As Facebook has long advised, relationships can be complicated — not least when culture and religion clash with sexual and gender expression, as is the case in two new films opening this weekend.
The Starling Girl (opening on Friday, May 19, at San Francisco’s AMC Kabuki 8) is an exemplary first feature from writer-director Laurel Parmet. Set in rural Kentucky, it’s the story of 17-year-old Jem Starling (outstanding Aussie youngster Eliza Scanlen), a devout Christian and enthusiastic participant in her evangelical church’s dance troupe.
Raised by a strict mother (Wrenn Schmidt) and a once wayward but now saved father (Jimmi Simpson), Jem is a good girl who knows naught of the world’s wicked ways. When handsome youth pastor Owen (Kurt Russell lookalike Lewis Pullman) returns from a missionary trip to Puerto Rico, however, she begins to realize there may be more to life than worship and prayer.

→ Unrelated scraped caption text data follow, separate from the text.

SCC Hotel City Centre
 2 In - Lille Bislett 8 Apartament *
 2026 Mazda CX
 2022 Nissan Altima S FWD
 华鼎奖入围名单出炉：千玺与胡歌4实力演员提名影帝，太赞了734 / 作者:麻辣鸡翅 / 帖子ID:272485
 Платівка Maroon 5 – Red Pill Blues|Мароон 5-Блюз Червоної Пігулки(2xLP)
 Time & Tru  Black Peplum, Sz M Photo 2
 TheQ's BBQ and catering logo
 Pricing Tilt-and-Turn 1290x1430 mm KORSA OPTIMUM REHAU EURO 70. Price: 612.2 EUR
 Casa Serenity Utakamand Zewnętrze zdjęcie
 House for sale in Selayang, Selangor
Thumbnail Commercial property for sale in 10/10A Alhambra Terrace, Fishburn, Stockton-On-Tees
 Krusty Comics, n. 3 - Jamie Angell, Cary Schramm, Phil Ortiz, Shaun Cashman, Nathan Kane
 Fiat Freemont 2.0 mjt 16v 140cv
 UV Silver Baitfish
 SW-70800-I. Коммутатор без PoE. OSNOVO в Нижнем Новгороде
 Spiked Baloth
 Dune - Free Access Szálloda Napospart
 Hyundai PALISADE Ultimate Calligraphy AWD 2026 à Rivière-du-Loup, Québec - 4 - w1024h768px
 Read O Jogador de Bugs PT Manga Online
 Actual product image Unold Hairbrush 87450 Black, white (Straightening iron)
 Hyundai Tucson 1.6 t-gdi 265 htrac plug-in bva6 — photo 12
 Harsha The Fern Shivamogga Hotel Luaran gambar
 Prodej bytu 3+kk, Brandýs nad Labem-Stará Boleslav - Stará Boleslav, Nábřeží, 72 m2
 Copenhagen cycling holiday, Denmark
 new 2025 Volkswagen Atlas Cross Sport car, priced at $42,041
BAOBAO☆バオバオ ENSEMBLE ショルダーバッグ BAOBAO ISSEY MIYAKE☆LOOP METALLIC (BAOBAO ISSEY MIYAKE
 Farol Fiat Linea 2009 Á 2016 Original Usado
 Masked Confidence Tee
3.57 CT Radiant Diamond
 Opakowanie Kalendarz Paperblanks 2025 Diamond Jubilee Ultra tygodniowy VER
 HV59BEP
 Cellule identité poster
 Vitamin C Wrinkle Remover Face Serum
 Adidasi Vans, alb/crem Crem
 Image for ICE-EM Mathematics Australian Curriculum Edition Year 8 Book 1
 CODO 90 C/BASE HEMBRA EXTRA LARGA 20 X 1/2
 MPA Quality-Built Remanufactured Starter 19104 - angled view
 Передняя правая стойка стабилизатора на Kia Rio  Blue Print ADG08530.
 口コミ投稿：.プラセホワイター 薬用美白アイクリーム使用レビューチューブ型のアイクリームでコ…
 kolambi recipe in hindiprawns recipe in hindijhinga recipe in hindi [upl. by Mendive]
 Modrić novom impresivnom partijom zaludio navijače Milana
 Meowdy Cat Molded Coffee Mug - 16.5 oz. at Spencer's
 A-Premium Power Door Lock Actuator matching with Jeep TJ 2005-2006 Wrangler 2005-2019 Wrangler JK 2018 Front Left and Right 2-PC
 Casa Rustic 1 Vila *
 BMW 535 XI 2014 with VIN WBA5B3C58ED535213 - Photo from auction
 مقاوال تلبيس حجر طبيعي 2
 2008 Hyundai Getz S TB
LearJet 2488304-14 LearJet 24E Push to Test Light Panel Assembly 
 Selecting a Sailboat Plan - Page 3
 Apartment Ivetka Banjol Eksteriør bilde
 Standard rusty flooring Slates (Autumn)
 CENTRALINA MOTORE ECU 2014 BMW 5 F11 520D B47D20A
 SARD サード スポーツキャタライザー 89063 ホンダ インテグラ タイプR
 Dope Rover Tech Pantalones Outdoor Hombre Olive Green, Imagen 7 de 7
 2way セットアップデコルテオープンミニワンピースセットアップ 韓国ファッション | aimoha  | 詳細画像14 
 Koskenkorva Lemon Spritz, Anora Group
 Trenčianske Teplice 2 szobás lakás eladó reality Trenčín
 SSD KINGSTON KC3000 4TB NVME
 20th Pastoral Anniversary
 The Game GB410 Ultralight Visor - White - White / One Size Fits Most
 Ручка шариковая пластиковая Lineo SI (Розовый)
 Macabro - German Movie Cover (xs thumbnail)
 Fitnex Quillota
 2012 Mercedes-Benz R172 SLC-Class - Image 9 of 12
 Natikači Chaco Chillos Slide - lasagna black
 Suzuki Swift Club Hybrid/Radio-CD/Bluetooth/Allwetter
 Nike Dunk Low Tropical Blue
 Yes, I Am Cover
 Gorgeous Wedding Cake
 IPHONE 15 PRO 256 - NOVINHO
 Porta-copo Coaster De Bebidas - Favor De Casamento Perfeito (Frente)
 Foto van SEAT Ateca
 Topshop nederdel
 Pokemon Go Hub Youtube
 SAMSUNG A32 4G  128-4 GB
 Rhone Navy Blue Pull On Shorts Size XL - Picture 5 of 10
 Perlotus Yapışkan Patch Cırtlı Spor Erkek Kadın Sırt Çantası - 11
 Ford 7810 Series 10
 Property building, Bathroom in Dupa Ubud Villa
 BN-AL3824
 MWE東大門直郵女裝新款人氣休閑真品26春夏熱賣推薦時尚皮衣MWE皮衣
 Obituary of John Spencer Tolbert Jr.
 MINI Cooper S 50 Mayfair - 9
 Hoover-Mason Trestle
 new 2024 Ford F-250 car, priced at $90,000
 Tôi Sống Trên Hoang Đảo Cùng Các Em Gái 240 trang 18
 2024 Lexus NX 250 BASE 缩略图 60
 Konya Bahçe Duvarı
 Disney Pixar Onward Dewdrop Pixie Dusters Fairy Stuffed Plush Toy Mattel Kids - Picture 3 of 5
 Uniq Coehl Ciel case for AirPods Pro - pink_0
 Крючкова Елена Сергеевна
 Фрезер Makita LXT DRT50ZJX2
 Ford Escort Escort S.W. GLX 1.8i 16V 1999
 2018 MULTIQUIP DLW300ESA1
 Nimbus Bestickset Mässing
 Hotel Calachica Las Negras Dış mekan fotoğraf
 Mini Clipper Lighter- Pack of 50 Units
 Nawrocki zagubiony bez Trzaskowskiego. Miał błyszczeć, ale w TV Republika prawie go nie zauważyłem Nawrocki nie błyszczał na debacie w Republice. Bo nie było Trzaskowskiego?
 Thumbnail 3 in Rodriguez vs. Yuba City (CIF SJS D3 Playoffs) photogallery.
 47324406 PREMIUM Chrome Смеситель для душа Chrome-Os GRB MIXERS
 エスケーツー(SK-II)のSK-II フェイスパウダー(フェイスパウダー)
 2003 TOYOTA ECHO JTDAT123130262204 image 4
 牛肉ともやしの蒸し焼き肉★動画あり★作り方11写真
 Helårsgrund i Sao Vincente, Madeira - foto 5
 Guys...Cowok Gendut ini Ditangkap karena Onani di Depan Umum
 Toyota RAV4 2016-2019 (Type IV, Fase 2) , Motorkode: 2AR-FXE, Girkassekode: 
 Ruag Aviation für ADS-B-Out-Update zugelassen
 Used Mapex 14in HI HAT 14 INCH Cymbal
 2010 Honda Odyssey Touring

Parmet’s screenplay avoids painting her film’s characters as black and white heroes or villains. Mom may be strict, but she truly loves her daughter; Dad may fall off the wagon every now and again, but he never promised to be perfect; though turning a blind eye to the age and power differences lending him the upper hand, Owen seems to truly care for Jem. As for the Starling girl, she’s a confused teenager in the throes of first love who — despite the protestations of her mother and of the church’s senior pastor (Kyle Secor) — is convinced God wants her to be with Owen.
Parmet also takes a nuanced approach to her characters’ religious beliefs: rather than depicting them as fire and brimstone caricatures, they’re believable, fallible human beings struggling to avoid sin. Come December, this thoughtful piece of storytelling will rank high on your humble scribe’s favorite films of 2023 list.

Joyland (opening at San Francisco’s Roxie Theater this Friday) is a Pakistani drama about Haider (Ali Junejo), a young husband struggling with the weight of family expectations. Not only does Haider “allow” his wife to work, he also has a job as a backup dancer for transsexual performer Biba (Alina Khan) — two things that don’t sit well with his hidebound middle-class family.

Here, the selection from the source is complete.